- 20.01.2013 00:00
Mehmet Ali Birand, bizim kuşak için çocukluktan ilk gençliğe geçişte dünya denen o büyük anlaşılmazı daha anlaşılır kılan isimdi.
Üç tarafımızın deniz, dört tarafımızın düşmanlarla dolu olduğunu öğrendiğimiz okul sıraları bir tarafta, Birand'ın 32. Gün'de her hafta farklı bir dosyayı anlatarak bize açtığı o beyaz ekrandaki pencere diğer taraftaydı.
Sonra büyüdük, hayat bizi bir yerlere sürükledi ve kendimizi 'medya' denilen bu garip mahallenin bir sakini olarak bulduk. Birand'ın sanki yıllardır dostmuşsunuz hissine kapılmanızı sağlayan o hayret verici samimiyetiyle 32. Gün'e konuk olduğumda tanıştım. Ki bazen kızardım Birand'a, kendi mahallesinin sillesini az yememiş birisinin başörtüsü meselesinde de daha açık görüşlü olmasını bekliyordum çünkü. Ama kızarken bile kendisine duyulan sempatiye halel getirmemesini bilecek kadar 'dünya tatlısı' bir yanı da vardı.
'Birand'ın itirafı ve başörtüsü ırkçılığı' yazım üzerine aradığında şaşırmıştım. Egoları odalara sığmayan meslektaşlarının aksine, haksız olduğunu düşündüğü için arayıp özeleştiri veriyordu. Ama işte böyle biriydi Birand; sanırım mesleğinin hakkını vermenin yükü ona yettiğinden, bir de kompleks sırtlanmaya gerek duymuyordu. Dünkü törende o kadar büyük ve farklı bir kalabalığın bulunmasının sırrı da biraz bunda gizliydi.
Ana akım medya denilen standart belirleme merkezinin 'haşarı çocuğu'ydu. Pek çok meslektaşının aksine askerle arasını hoş tutmak için özel bir gayret göstermedi. 'Emret Komutanım' adında, asker-sivil ilişkilerini 'içeriden' analiz eden bir kitap yazdı. Gazeteci dostlarına 'haber atlatma' konusunda fark atmakla yetinmedi; öğrenci yetiştirmek konusunda da fark attı. Şimdilerde ekrandan tanıdığımız kaç tane televizyoncu-gazeteci varsa, belki yarısı onun rahle-i tedrisinden geçti. Tek başına bir okuldu.
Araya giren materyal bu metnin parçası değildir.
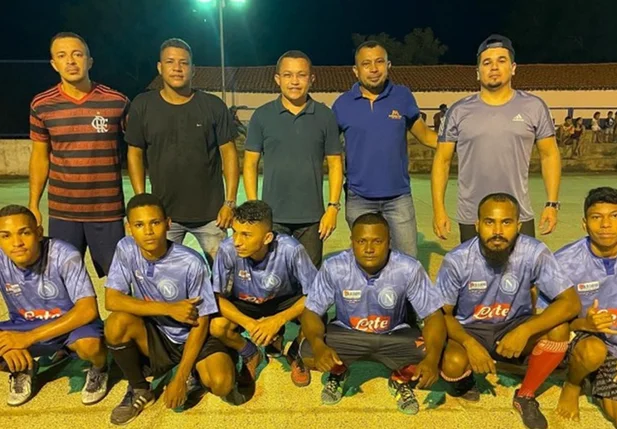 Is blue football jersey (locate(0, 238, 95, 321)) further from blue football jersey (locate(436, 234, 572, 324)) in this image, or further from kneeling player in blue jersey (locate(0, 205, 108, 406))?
blue football jersey (locate(436, 234, 572, 324))

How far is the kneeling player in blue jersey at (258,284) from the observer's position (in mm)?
3084

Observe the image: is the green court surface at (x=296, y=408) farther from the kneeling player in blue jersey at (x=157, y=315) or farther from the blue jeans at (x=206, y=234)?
the blue jeans at (x=206, y=234)

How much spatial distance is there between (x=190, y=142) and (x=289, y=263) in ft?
3.25

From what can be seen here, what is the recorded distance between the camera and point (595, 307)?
9.39 ft

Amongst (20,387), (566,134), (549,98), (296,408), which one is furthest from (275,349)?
(549,98)

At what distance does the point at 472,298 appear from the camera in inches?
119

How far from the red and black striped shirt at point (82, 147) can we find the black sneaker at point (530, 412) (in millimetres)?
2564

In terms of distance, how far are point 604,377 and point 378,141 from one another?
183 centimetres

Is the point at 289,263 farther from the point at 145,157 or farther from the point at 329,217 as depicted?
the point at 145,157

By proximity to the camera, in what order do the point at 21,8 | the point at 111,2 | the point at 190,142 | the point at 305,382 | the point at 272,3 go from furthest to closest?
the point at 272,3, the point at 21,8, the point at 111,2, the point at 190,142, the point at 305,382

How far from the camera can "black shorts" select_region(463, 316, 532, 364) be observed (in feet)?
9.62

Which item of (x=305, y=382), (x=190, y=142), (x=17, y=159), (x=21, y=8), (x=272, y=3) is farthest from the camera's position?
(x=272, y=3)

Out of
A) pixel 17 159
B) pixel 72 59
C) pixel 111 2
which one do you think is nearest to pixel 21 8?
pixel 111 2

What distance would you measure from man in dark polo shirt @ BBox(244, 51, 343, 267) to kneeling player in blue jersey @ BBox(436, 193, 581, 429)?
3.15 feet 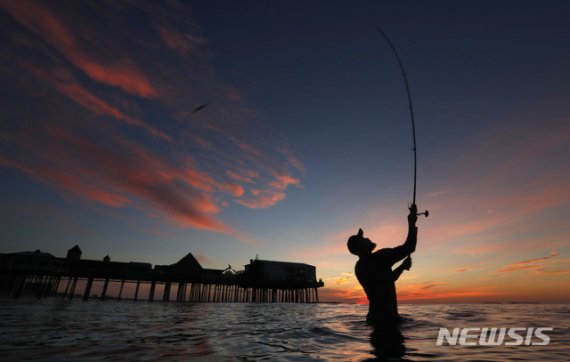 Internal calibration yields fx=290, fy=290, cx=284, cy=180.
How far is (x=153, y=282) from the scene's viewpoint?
48812 mm

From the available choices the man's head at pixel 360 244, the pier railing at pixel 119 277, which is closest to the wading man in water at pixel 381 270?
the man's head at pixel 360 244

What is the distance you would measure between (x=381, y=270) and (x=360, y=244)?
0.62 metres

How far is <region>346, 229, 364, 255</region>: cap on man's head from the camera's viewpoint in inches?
229

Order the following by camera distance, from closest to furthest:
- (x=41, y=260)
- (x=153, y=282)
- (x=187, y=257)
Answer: (x=41, y=260)
(x=153, y=282)
(x=187, y=257)

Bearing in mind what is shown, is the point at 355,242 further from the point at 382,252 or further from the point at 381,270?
the point at 381,270

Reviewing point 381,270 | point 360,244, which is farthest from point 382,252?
point 360,244

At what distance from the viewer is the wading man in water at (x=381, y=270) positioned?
525 centimetres

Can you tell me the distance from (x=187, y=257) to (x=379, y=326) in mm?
52253

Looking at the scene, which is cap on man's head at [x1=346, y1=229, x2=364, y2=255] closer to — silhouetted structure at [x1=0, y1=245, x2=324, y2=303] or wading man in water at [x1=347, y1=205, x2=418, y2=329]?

O'nu çoğu meslektaşından ayıran özelliklerinin başında da 'dünyalı' olması geliyordu. 'Biz bize benzeriz' konformizmine kapılmadan habercilik yaptığı tüm işler, şimşekleri üzerine çekmeye yaradı. Öcalan'la ilk röportajı yaptı. O arşivlik 32. Gün'de, Öcalan'ı 'terörist başı, bebek katili' diye değil, dünyadaki diğer haber bültenlerinde geçtiği şekliyle 'PKK lideri' olarak niteledi. 28 Şubat sürecinde, o iğrenç komployla andıçlandı. 'Yeşil' kod adlı ölüm makinesi peşine takıldı. Can güvenliği tehdit altındayken, yaşlı gözlerle cenazesinde arzı endam eden bazı meslektaşları da bu komploya çanak tutmuştu...
Darbelere karşı en dik duran değildi ama 'Demirkırat' ve '12 Eylül' belgeselleriyle askerî müdahaleler tarihimize esaslı notlar düştü. 28 Şubat belgeseli için aynısını söylemek zor olsa da, 28 Şubat medyası için 'Hiçbirimizin yatacak yeri yok' diyerek mahallesini ve kendisini keskin biçimde eleştiren de olmasını bildi.
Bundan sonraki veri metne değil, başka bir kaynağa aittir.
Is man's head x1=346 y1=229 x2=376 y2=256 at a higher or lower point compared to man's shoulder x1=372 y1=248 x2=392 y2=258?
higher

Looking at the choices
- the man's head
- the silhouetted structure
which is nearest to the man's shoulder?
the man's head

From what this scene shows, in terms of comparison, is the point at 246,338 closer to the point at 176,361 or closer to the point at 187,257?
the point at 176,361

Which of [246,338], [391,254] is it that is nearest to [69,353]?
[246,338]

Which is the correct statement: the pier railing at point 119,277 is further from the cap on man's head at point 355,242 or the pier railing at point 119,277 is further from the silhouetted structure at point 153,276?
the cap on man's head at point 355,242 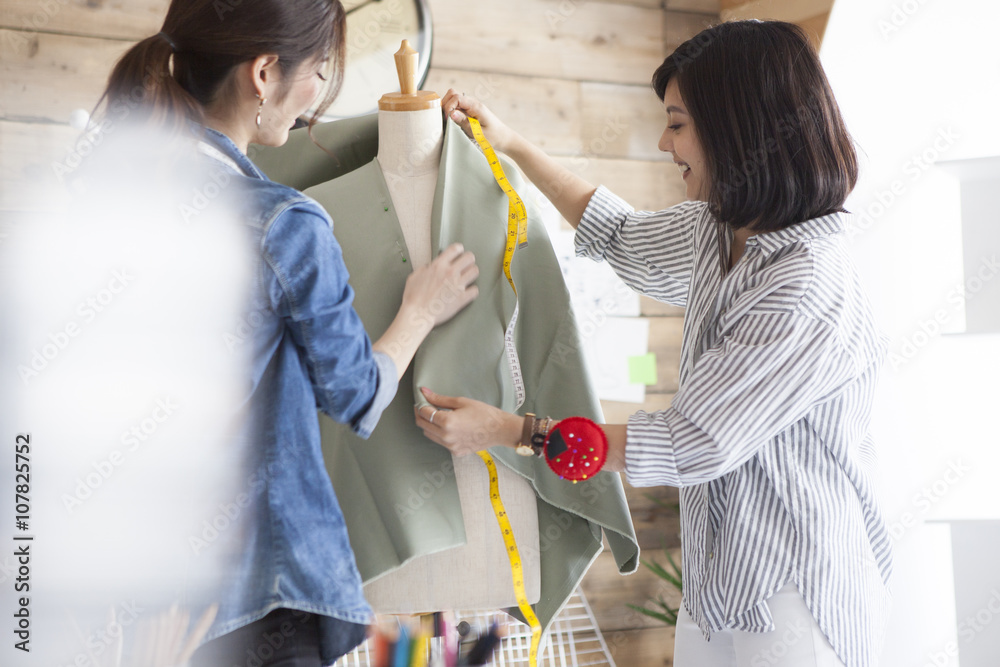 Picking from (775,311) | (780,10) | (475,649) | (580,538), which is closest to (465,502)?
(580,538)

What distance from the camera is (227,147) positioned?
922 millimetres

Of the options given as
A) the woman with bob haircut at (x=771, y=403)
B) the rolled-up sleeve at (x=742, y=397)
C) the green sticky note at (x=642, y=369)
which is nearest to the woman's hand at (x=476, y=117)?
A: the woman with bob haircut at (x=771, y=403)

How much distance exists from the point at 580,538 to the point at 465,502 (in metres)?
0.21

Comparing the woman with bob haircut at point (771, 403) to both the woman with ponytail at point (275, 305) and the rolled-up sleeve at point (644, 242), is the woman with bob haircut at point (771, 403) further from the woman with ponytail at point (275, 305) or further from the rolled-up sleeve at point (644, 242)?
the woman with ponytail at point (275, 305)

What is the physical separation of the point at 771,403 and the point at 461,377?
48 centimetres

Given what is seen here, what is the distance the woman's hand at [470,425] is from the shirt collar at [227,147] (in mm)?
455

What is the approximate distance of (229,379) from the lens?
892 mm

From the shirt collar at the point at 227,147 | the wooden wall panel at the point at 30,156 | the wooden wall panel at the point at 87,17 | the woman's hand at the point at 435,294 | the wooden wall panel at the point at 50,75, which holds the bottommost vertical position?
the woman's hand at the point at 435,294

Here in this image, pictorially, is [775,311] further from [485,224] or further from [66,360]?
[66,360]

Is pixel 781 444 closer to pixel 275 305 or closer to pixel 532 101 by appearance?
pixel 275 305

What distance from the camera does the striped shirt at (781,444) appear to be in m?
1.10

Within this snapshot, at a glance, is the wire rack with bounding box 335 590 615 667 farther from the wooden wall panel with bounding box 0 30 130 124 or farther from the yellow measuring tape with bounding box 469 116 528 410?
the wooden wall panel with bounding box 0 30 130 124

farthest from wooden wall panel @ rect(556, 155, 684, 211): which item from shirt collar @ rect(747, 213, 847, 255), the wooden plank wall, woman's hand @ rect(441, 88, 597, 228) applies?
shirt collar @ rect(747, 213, 847, 255)

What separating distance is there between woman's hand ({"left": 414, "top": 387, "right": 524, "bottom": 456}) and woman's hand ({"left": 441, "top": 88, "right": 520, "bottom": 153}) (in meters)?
Answer: 0.52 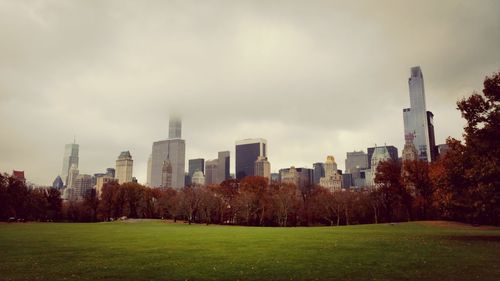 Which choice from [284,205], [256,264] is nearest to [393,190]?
[284,205]

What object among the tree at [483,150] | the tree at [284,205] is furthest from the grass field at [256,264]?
the tree at [284,205]

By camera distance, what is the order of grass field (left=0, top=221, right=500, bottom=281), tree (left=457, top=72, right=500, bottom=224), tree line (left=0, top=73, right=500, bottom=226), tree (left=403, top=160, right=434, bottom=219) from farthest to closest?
tree line (left=0, top=73, right=500, bottom=226)
tree (left=403, top=160, right=434, bottom=219)
tree (left=457, top=72, right=500, bottom=224)
grass field (left=0, top=221, right=500, bottom=281)

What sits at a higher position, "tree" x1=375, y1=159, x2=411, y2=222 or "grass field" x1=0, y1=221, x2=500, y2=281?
"tree" x1=375, y1=159, x2=411, y2=222

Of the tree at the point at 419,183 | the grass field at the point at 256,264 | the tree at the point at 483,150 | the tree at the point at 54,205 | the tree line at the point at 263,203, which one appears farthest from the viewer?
the tree at the point at 54,205

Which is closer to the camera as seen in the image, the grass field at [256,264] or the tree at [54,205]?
the grass field at [256,264]

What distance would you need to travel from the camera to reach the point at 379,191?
100375mm

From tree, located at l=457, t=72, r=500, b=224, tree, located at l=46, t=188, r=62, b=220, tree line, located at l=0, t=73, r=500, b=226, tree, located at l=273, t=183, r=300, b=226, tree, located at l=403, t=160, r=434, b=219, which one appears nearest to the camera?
tree, located at l=457, t=72, r=500, b=224

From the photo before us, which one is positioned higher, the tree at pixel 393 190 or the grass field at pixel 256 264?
the tree at pixel 393 190

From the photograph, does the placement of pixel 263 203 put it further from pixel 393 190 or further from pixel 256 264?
pixel 256 264

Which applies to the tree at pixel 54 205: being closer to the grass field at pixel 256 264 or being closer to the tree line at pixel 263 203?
the tree line at pixel 263 203

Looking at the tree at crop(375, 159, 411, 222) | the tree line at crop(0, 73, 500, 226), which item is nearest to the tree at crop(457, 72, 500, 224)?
the tree line at crop(0, 73, 500, 226)

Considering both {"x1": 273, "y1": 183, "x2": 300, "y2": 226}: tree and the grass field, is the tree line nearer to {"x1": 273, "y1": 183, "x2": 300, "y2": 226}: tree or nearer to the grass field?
{"x1": 273, "y1": 183, "x2": 300, "y2": 226}: tree

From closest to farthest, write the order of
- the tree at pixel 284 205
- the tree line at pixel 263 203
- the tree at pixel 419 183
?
the tree at pixel 419 183, the tree line at pixel 263 203, the tree at pixel 284 205

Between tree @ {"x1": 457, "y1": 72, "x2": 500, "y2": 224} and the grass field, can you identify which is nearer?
the grass field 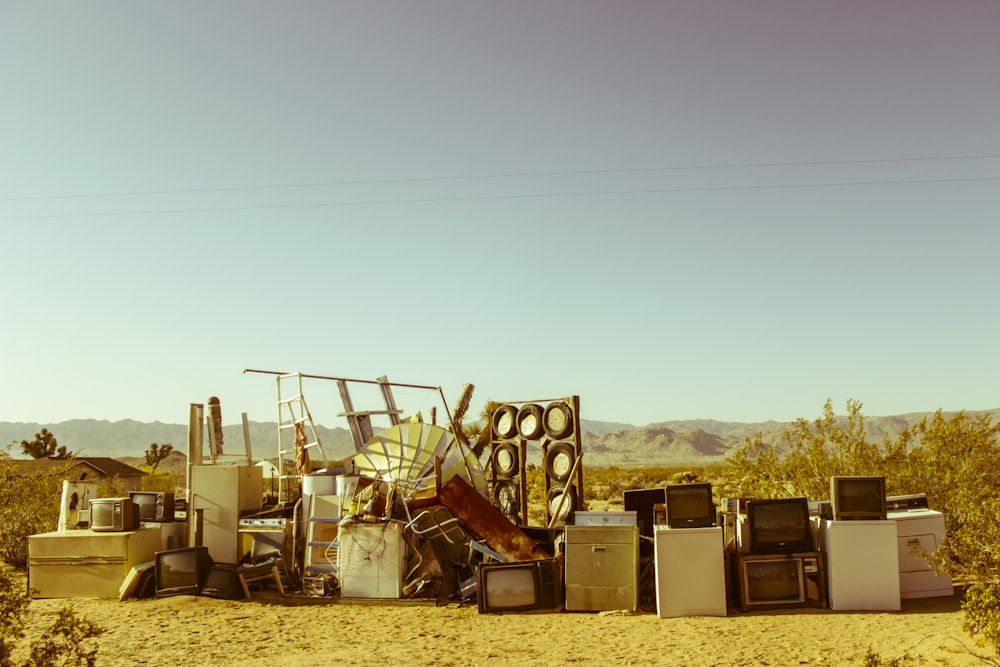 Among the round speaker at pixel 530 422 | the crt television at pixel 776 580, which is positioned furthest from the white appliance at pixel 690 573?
the round speaker at pixel 530 422

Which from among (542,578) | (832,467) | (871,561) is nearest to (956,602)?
(871,561)

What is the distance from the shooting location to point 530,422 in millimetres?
16719

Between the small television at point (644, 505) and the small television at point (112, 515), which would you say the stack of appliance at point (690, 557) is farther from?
the small television at point (112, 515)

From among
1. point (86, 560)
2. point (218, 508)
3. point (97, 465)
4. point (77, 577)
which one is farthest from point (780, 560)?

Ölüm haberini aldığımızda 'Günahlarından tevbe etti ve gitti' dedi bir sevdiğim; inşallah öyle olmuştur. Başka bir randevu saati bekliyor şimdi hepimizi; kimselere söz vermedik, biz de geleceğiz. Allah rahmet eylesin.
Devrimi çok seven adam
Dün vefat haberini aldığımız bir diğer isim de Toktamış Ateş'ti. Kendisiyle ilk tanışmam lisans yıllarına denk gelir. Bilgi Üniversitesi Atatürk İlkeleri ve İnkılap Tarihi Araştırma ve Uygulama Merkezi'nin başındaydı. İlk sene okumak zorunda olduğumuz İnkılap Tarihi dersini, onun öğrencileri veriyordu. Derslerde Ateş'in 'Biz devrimi çok seviyoruz' kitabı da okutulurdu. Devrimi hiç sevmeyen birisi olarak, okulda yaptığı bir konuşma sırasında tartıştığımızı hatırlıyorum. Ateş, farklı görüşlere sahip olsanız da en nihayetinde, o farklı görüşleri konuşabileceğiniz bir insandı. İnsanî bir Atatürk portresinin savunuculuğunu yaptı. Okulda başörtüsü yasağı sürerkenki kayıtsızlığı beni üzse de kendisine karşı öfke beslemedim hiçbir zaman. Çünkü onun da tersine döndürülmesi güç bir özeneleşme sürecinden geçtiğini biliyordum. Allah taksiratını affetsin.